> **Task statement**
Reproduce only this range: the line holding "Cây không khí thạch thảo (size lớn)" through the last line of the data below, both included, exactly, with no pictures.

------ Recorded information ------

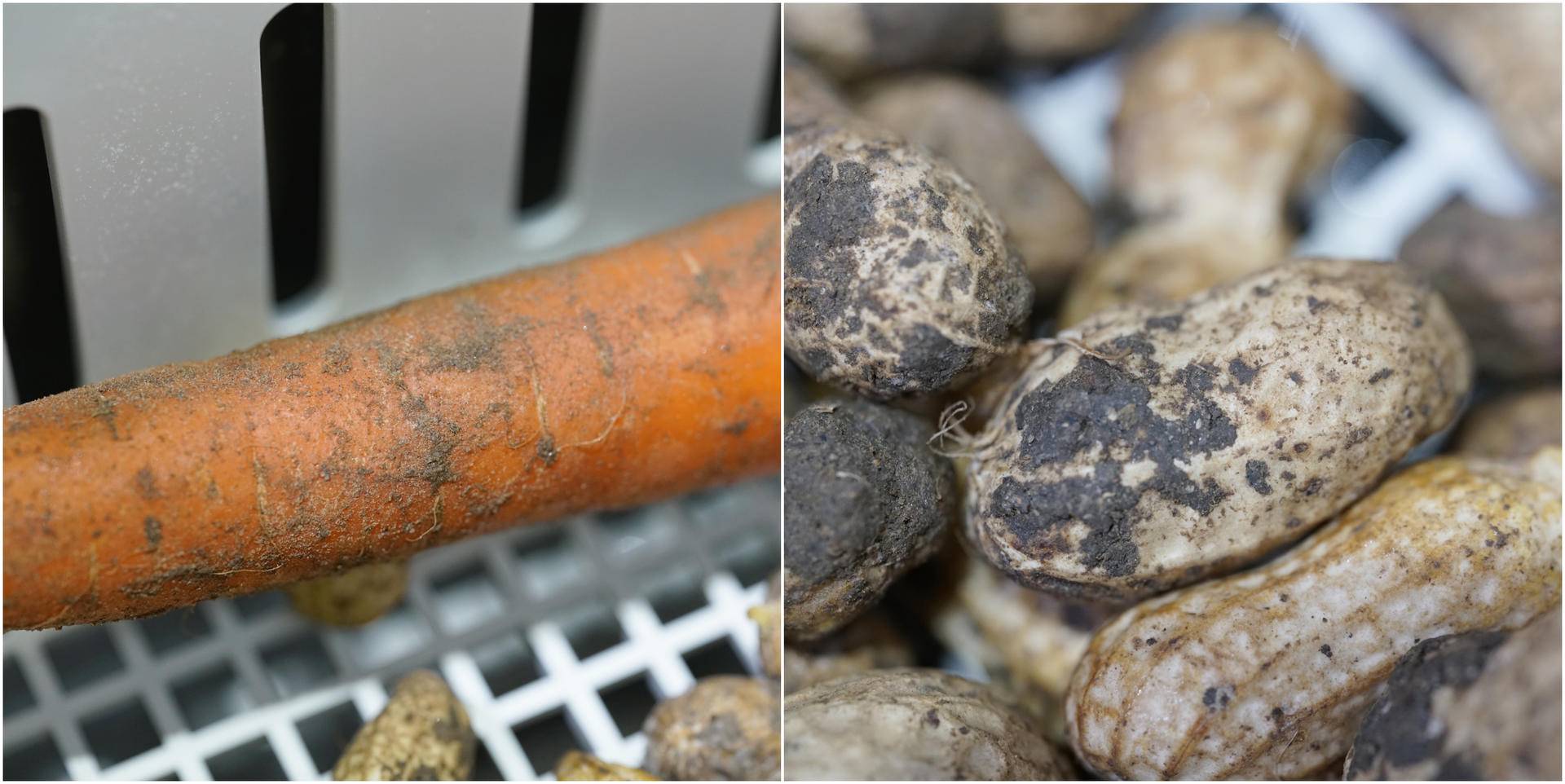 方太洗碗机的研究目的,方太洗碗机水槽ct03bl和ct03b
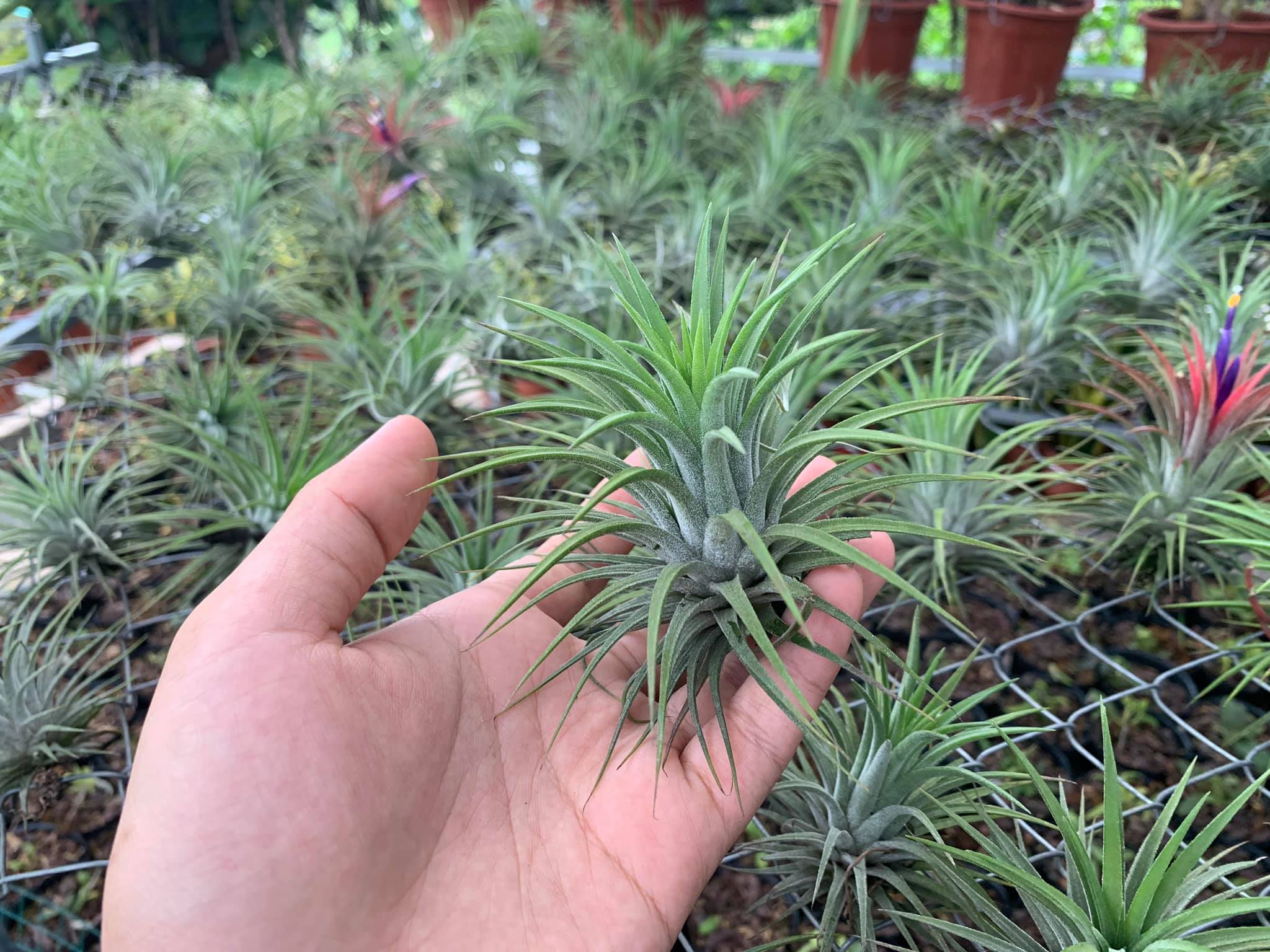 Cây không khí thạch thảo (size lớn)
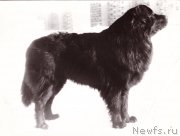 Превью фото № 178523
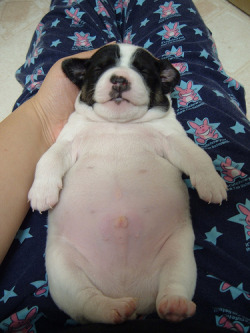 @AdorableBipolar Mira al gordisimo este fat-animals:  A puppy that is fat. 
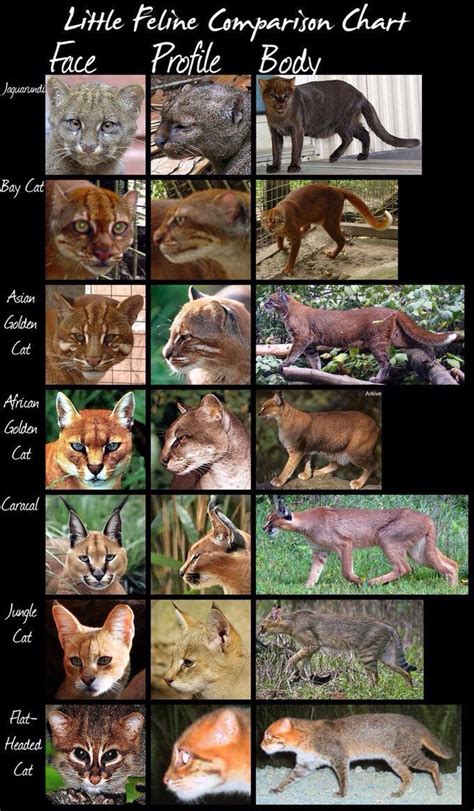 Small Cat Comparison Chart Small Wild Cats Wild Cat Breeds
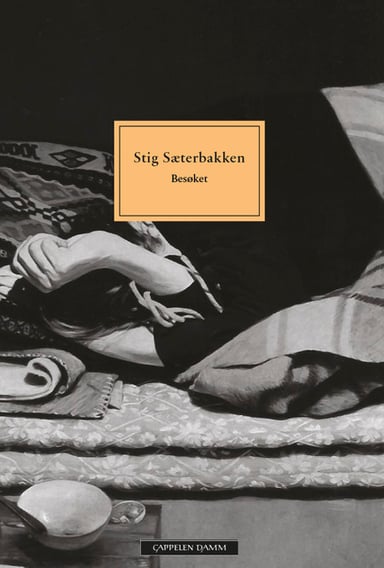 Omslag av "Besøket"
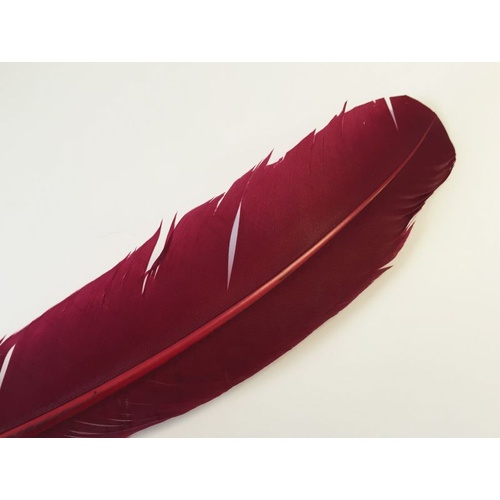 Wing Feather - Burgundy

------

> **Finished task**
 Cây không khí thạch thảo (size lớn)
 Превью фото № 178523
 @AdorableBipolar Mira al gordisimo este fat-animals:  A puppy that is fat. 
 Small Cat Comparison Chart Small Wild Cats Wild Cat Breeds
 Omslag av "Besøket"
 Wing Feather - Burgundy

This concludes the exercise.